To realize such benefits, says an IFPRI study, “Land Grabbing” by Foreign Investors in Developing Countries: Risks and Opportunities, governments need to develop the capacity to negotiate sound contracts and to exercise oversight. This can help create “a win-win scenario for both local communities and foreign investors.”

The studies advise African governments to be strategic in their approach. In his report, Mr. De Schutter puts forward a number of recommendations to guide such land deals. These include:

  • the free, prior and full participation and agreement of all local communities concerned — not just their leaders
  • protection of the environment, based on thorough impact assessments that demonstrate a project's sustainability
  • full transparency, with clear and enforceable obligations for investors, backed by specified sanctions and legislation, as necessary, and
  • measures to protect human rights, labour rights, land rights and the right to food and development.

Such comprehensive deals would be in the long-term interest of investors and local communities alike, IFPRI notes, pointing out that land disputes can become violent, and governments may quickly find themselves with no alternative but to change or rescind contractual arrangements.

Land rights

Land ownership is a core issue. Only a relatively small portion of land in Africa is subject to individual titling. Much land is community-owned, and in some countries state-owned. Even land that is officially categorized as un- or under­utilized may in fact be subject to complex patterns of “customary” usage. “Better systems to recognize land rights are urgently needed,” the FAO argues in a recent policy brief, From Land Grab to Win-Win.

The World Bank points to the importance of international bodies helping African governments develop land registry systems. The IIED study stresses that such schemes must allow for collective registration of community lands that protect “customary” land rights.

Mr. De Schutter argues that internationally agreed-upon human rights instruments can be used to protect such rights, including those of livestock herders and indigenous forest dwellers.

According to the IIED study, the bulk of recent large-scale land acquisitions in Africa have been based on the leasing of land to foreign entities with the intent of using labour to work the land. The study argues the need for governments to include clauses ensuring the use of local labour in contracts for such schemes. In Mozambique, local opposition to a Chinese project to develop 100,000 hectares was based on plans to import Chinese labour.

Success or failure

“Agreements to lease or cede large areas of land in no circumstance should be allowed to trump the human rights obligations of the states concerned,” Mr. De Schutter argues. That goes for both the states receiving the investment and those from which the investments originate.
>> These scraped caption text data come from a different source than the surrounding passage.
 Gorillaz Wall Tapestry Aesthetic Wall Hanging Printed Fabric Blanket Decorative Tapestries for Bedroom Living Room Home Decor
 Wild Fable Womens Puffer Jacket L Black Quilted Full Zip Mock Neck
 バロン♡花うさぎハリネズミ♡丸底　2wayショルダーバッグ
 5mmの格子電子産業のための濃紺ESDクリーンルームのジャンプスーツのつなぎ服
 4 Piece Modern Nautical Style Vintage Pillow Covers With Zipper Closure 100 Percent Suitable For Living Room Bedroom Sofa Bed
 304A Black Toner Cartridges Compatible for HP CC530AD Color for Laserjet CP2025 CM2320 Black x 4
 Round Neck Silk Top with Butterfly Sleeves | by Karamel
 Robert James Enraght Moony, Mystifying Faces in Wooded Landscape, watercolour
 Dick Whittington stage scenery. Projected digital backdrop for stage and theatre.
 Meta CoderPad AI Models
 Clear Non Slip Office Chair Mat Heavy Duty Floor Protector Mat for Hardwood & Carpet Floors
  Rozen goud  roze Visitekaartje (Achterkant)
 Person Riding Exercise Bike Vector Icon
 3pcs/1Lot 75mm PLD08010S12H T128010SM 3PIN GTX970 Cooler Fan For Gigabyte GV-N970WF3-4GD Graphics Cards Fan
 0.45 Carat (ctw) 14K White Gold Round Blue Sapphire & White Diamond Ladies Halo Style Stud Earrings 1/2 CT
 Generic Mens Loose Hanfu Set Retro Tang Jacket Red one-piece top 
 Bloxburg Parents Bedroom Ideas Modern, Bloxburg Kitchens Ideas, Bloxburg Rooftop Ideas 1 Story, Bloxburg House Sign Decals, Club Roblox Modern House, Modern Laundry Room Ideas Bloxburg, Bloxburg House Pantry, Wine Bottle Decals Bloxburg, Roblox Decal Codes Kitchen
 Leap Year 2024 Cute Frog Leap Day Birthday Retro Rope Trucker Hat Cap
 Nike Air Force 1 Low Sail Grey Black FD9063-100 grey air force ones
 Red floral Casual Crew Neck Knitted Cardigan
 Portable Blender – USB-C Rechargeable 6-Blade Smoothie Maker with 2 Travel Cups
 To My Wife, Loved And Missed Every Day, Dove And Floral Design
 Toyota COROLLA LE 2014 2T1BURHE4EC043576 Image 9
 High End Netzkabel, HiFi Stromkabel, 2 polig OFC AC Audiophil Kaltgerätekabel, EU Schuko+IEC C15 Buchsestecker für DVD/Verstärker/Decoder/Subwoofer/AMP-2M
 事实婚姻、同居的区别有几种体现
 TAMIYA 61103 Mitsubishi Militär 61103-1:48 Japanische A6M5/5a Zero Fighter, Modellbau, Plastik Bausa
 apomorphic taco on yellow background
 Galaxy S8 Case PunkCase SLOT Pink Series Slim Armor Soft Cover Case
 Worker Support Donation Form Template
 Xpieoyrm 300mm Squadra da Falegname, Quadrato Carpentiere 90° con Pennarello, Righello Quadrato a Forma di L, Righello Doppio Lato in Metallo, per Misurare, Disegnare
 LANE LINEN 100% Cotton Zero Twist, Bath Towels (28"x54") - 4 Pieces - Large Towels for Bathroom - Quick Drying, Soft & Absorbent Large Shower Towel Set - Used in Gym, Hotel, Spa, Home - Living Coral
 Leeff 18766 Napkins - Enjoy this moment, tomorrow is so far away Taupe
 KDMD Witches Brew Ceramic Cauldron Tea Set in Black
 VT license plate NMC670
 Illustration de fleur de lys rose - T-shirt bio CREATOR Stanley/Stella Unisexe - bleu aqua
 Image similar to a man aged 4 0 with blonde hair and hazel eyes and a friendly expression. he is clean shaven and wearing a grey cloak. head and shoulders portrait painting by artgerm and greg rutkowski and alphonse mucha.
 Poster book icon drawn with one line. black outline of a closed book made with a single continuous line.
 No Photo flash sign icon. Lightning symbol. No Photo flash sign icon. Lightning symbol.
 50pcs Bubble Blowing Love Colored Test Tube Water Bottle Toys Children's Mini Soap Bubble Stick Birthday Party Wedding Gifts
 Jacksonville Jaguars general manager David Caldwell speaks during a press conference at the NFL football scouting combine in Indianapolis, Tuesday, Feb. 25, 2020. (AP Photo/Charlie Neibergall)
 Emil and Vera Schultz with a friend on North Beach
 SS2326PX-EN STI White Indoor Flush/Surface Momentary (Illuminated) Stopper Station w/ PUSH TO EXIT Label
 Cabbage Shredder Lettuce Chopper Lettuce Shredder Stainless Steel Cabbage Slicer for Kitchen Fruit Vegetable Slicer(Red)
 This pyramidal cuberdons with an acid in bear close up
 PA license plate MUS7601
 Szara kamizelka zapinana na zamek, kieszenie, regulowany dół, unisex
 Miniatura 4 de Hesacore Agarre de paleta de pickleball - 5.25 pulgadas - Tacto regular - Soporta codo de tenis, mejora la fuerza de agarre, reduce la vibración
Proposals for such ideal agreements, backed by necessary national legislation and enforcement principles, are being put forward. But, as the IIED study points out, there is already a large gulf between contractual provisions and their enforcement. The gap between the statute books and the reality on the ground may entail serious costs for local communities.

A code of conduct for host governments and foreign investors could help ensure that land deals are a “win-win” arrangement for investor and local communities alike, IFPRI suggests. It cites the Extractive Industries Transparency Initiative, which binds participating governments and companies to certain standards in mining and oil activities, as one possible model for large-scale land deals.

Mr. De Schutter is sceptical that such a code can be negotiated or enforced. He instead emphasizes the existing body of human rights laws, which can be applied to large-scale land acquisitions and used to get governments to meet their obligations to citizens.

Either way, experts agree that African governments must have the will and the ability to apply laws. “Strengthening the negotiation capacity is vital,” Mr. De Schutter argues. And that capacity cannot be of governments alone, he says. Local communities must also be empowered and national parliaments must be involved. Achieving that, many fear, may be the most difficult gap to bridge.